(Captioned web images)
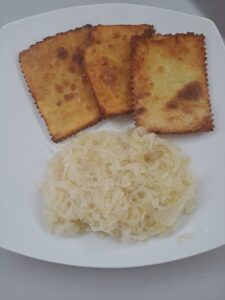 Sauerkraut mit Erdäpfelblattlen angerichtet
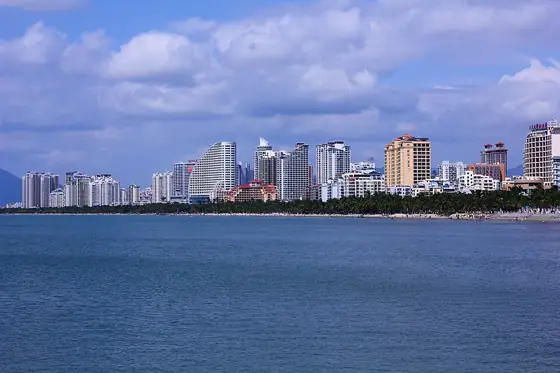 Sanya Bay · 三亚湾
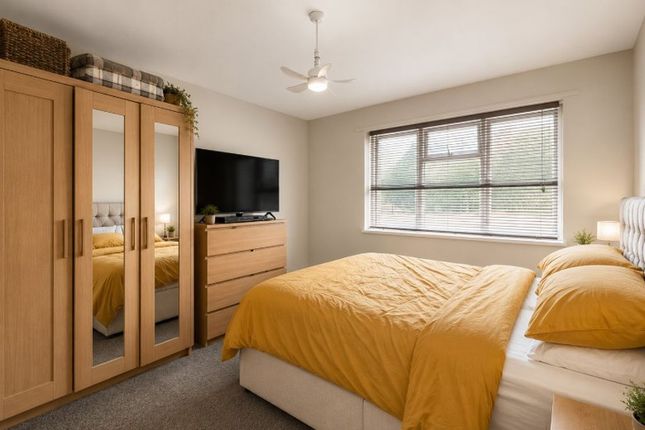 73, Northway, Gosport photo 4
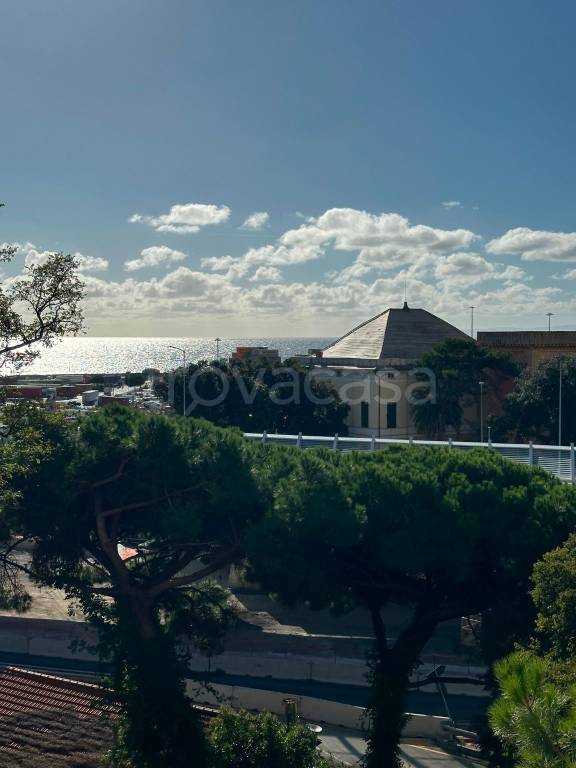 appartamento in vendita a Genova in zona Palmaro / Pra'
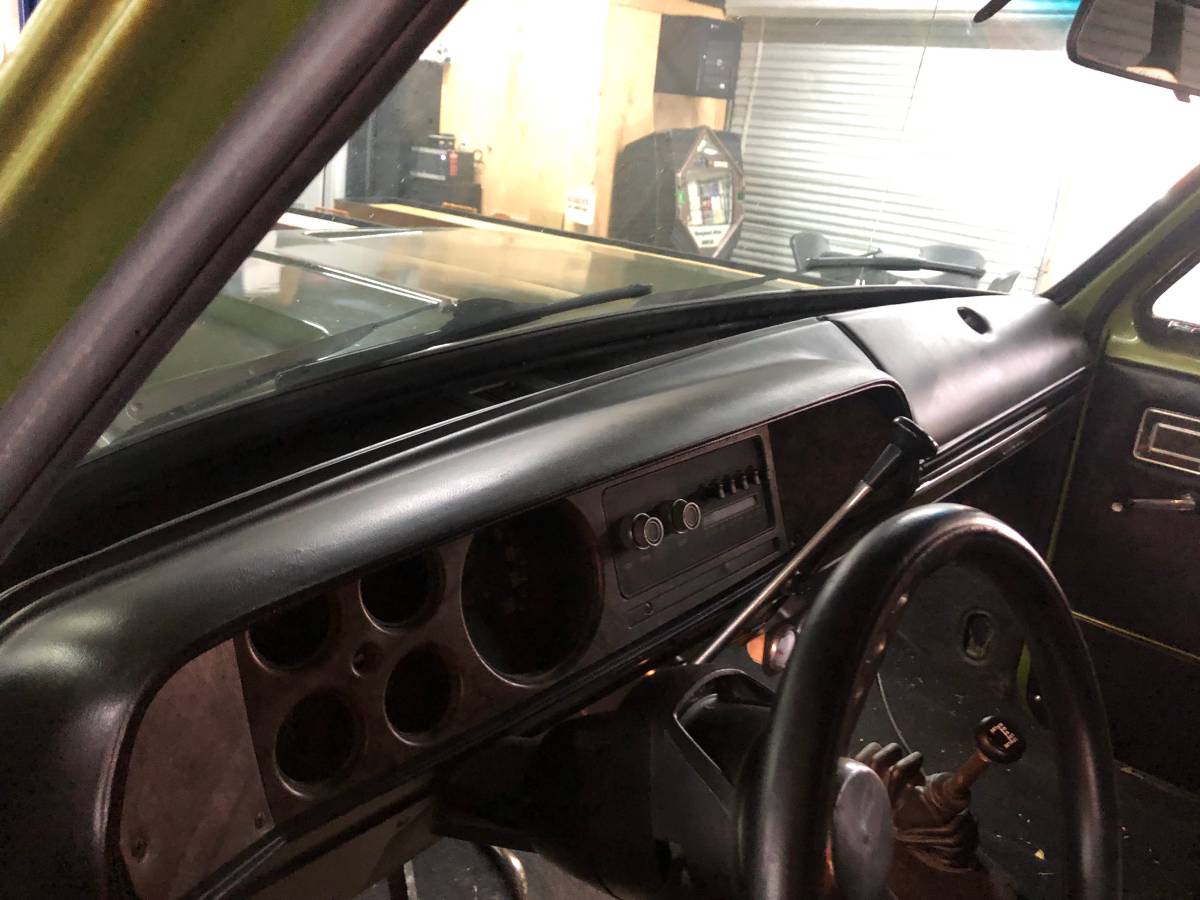 Dodge-ram-charger-1976-green-6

Work instruction — Your answer must contain the full data, repeated exactly, without pictures.

Result of this task —
 Sauerkraut mit Erdäpfelblattlen angerichtet
 Sanya Bay · 三亚湾
 73, Northway, Gosport photo 4
 appartamento in vendita a Genova in zona Palmaro / Pra'
 Dodge-ram-charger-1976-green-6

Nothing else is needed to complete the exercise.